Read this story on HSBC. Then read this one on Wachovia. These banks laundered hundreds of billions of dollars – knowingly – for violent drug lords. And it gets worse: No one from either bank went to jail. Neither bank was shut down. Neither bank suffered more than a minor fine.
So, how much of a concern can money laundering really be to the cartels and their politician partners? Clearly none, or very close to none.
And, since the cartels accuse Bitcoin of being used for bad things, let’s be clear about the situation: Every mafioso on the planet uses cartel money. So do all the drug smugglers, terrorists, and pornographers.
Does Bitcoin accuse the money cartels? Nope. Bitcoin has no official operators to speak for it at all.
It is true that many Bitcoin users accuse the cartels of being manipulators, but, at least for now, there is no Bitcoin cartel that is even capable of manipulating the currency.
So, round one goes to Bitcoin: The cartels very clearly condemn themselves, and Bitcoin clearly does not.
Principle #2: Everyone who does evil hates the light, and does not come to the light, lest his deeds should be exposed. But he who does what is true comes to the light.
When Bitcoin creator Satoshi Nakamoto posted his Bitcoin paper in 2008, he laid everything open for all to see. Then he wrote the Bitcoin program and left it “open source,” so anyone could see the programming.
The process of creating cartel money, on the other hand, is mostly hidden, purposely confused, and isn’t even taught to most Econ majors. And if you think that’s just my opinion, here’s one from the esteemed economist John Kenneth Galbraith:
The study of money, above all other fields in economics, is one in which complexity is used to disguise truth or to evade truth, not to reveal it.
The argument is made, of course, that the process of creating dollars, etc. is very complicated, and that people don’t understand it because of that.
I don’t think that’s true, but even so, let’s compare it to Bitcoin: Making bitcoins is also complex, but Bitcoin enthusiasts have been working night and day to explain their new currency and how it works. I’ve seen them cornering people at birthday parties, trying to make them understand.
Round two goes to Bitcoin also. Bitcoin wants to be seen and known, and the cartels surely do not.

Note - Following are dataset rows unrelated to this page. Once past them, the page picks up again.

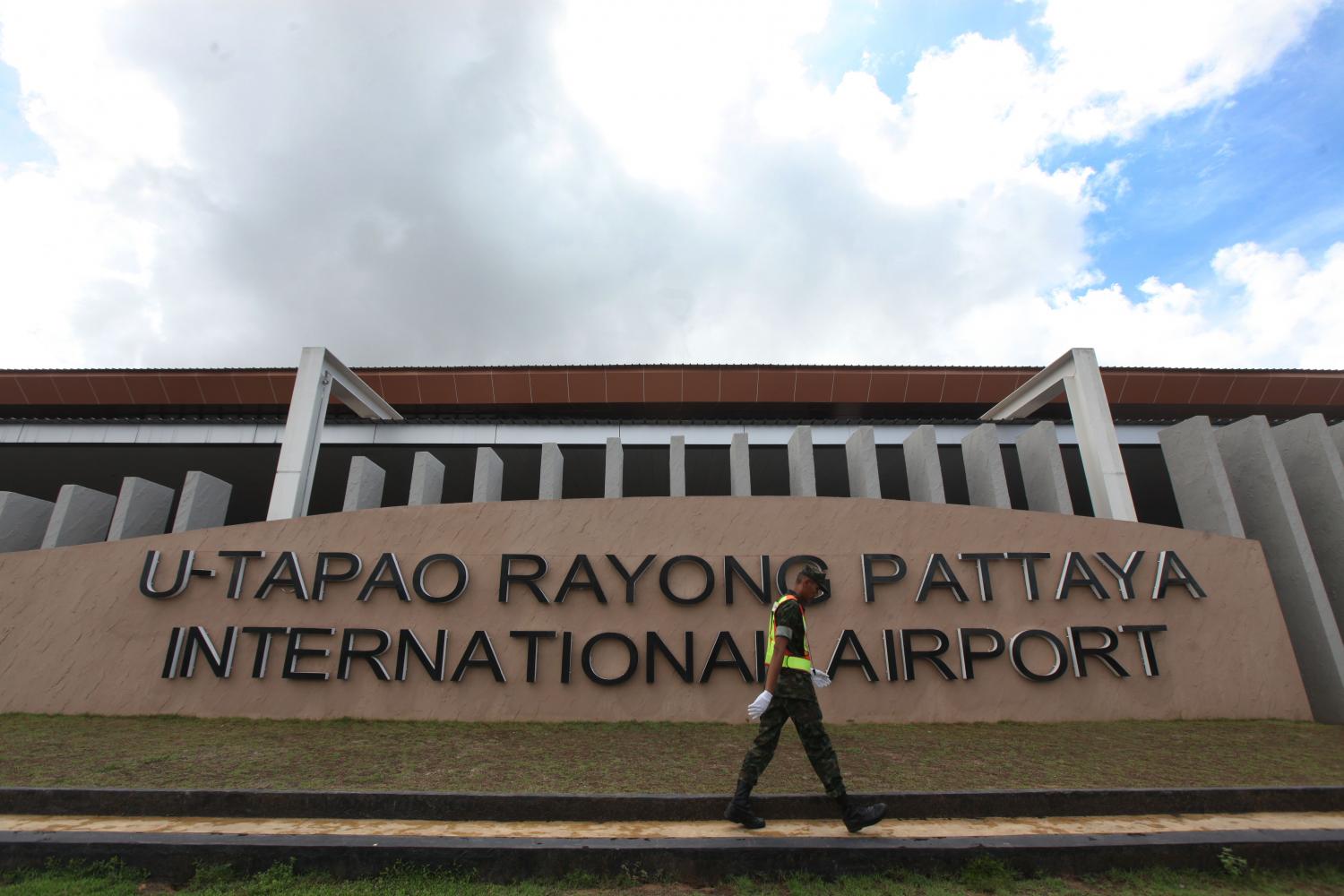 A man walks past a sign for U-tapao airport in Rayong. Investment in the EEC is expected to revive after a slowdown in March and April. (Photo by Thiti Wannamontha)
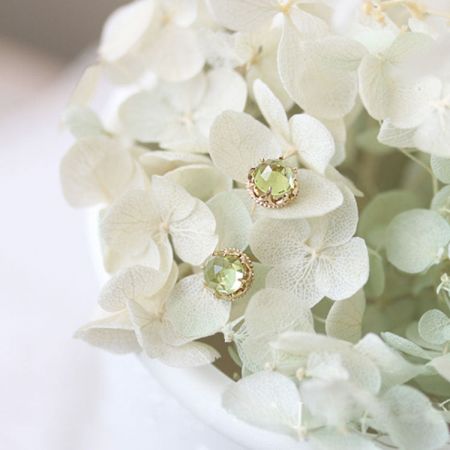 Lifestyle shot of 18K gold plated peridot earrings resting on delicate white flowers.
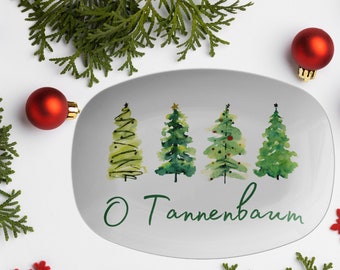 May include: An oval serving platter with a watercolor design of four Christmas trees in varying shades of green. The words "O Tannenbaum" are written in green script. Red ornaments, snowflakes, and greenery surround the platter.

It all comes down to the reason “why.”
Satoshi Nakamoto began the original Bitcoin document by saying that he wanted to, “allow online payments to be sent directly from one party to another without going through a financial institution.” He goes on to say that he was creating,
an electronic payment system based on cryptographic proof instead of trust, allowing any two willing parties to transact directly with each other without the need for a trusted third party.
In other words, Satoshi wanted to remove the necessity of one man ruling another in the area of money. Furthermore, he did it, then went away.
As for the motives of the cartel, we can’t really tell. The visible heads of the Federal Reserve are certainly not the owners of the Federal Reserve, and the US government refuses to reveal the names of the owners.
Perhaps the closest real examination of their motives comes from a renowned professor who worked for them for a few years. Professor Carroll Quigley of Georgetown – and a major influence on none other than Bill Clinton, wrote this in his book Tragedy And Hope:
The powers of financial capitalism had another far-reaching aim, nothing less than to create a world system of financial control in private hands able to dominate the political system of each country and the economy of the world as a whole. This system was to be controlled in a feudalist fashion by the central banks of the world acting in concert, by secret agreements arrived at in frequent private meetings and conferences. The apex of the system was to be the Bank for International Settlements in Basle, Switzerland, a private bank owned and controlled by the world’s central banks which were themselves private corporations. Each central bank… sought to dominate its government by its ability to control Treasury loans, to manipulate foreign exchanges, to influence the level of economic activity in the country, and to influence cooperative politicians by subsequent rewards in the business world.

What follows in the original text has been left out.